Over the past five years, Los Angeles has been recognized as a flourishing hub for innovative companies that combine tech and entertainment to create new brands and businesses. As the heart of Los Angeles’ tech scene, what's dubbed "Silicon Beach" has become a burgeoning area comprised of seven beach cities including Santa Monica, Venice, Playa Vista and Hermosa Beach, with companies such as YouTube, Google and Hulu coming into each of these areas.
Silicon Beach attracts unique talent from top universities including the University of Southern California, University of California--Los Angeles and Chapman University who are looking to build roots in West Los Angeles. This, in turn, has caused a shift in the luxury real estate market as a surge of millennials begin to look for high-end real estate in the surrounding Los Angeles area.
Here's how three Silicon Beach spots have transformed as a result of companies moving in.
Shaping Santa Monica
Santa Monica, a coveted destination famed among tourists and locals alike, is home to film and television streaming company Hulu, which moved into its custom-built headquarters with over 90,000 square feet in March 2013. Bringing more than 500 jobs to Santa Monica, Hulu is one of the many companies that contributed to a skyrocketing median home list price in the area, surpassing $3 million in March 2018, according to Realtor.com. With access to quality public transportation and a walkability score of 83, the wealthy coastal neighborhood has been recognized for record-setting home prices. The growth in the number of jobs has made luxury real estate even more competitive, with the average price per square foot rising from $981 to $1,154 in the last year, according to real estate information site Trulia, while inventory continues to shrink.

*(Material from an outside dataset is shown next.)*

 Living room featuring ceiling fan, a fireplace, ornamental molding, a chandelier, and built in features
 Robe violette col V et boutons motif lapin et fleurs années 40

The Renaissance of Playa Vista
Similarly, Playa Vista has become a tech hot spot over past few years due to its close proximity to Los Angeles International Airport and Downtown Los Angeles. Contemporary, open structures with sprawling floor plans and outdoor space are ideal for companies like Google and YouTube, which have brought more than 1,000 jobs upon moving to Los Angeles. Playa Vista has become a popular location location for large corporations to invest for the future, simultaneously causing an incredibly tight real estate market with inventory shortages and increasing office space prices due to the tech boom. Even with the market cooling off compared to more recent months, the median home price in Playa Vista is $1.36 million as of Feb. 6, up from a median price of $677,500 five years ago, according to Trulia information.
Venice: The New Millennial Hotspot
Once the ultimate beach town, Venice has evolved into a trendy hotspot among young professionals who crave modern amenities, convenience and close proximity to the beach. Many tech entrepreneurs dealing in software development, virtual reality and ecommerce have taken over the beach town, turning it into what has now become an increasingly competitive real estate market. With the average price per square foot reaching $1,188 in February, according to Trulia, Venice real estate is surpassing even the most luxe neighborhoods in Los Angeles, as Bel Air's average price is $1,024 per square foot and Beverly Hills is seeing $1,006 per square foot for February 2019. While many wealthy homebuyers have been known to seek out large estates in the mountains, millennials have sought out Venice as the place to create modern homes, causing the median price of a one-bedroom home to increase by over 50 percent since 2012. Venice has adapted to reflect the trendy styles of those millennials in the tech industry, with a growth in higher-end retail mirroring the surge of affluent homebuyers in the area and the rising cost of living.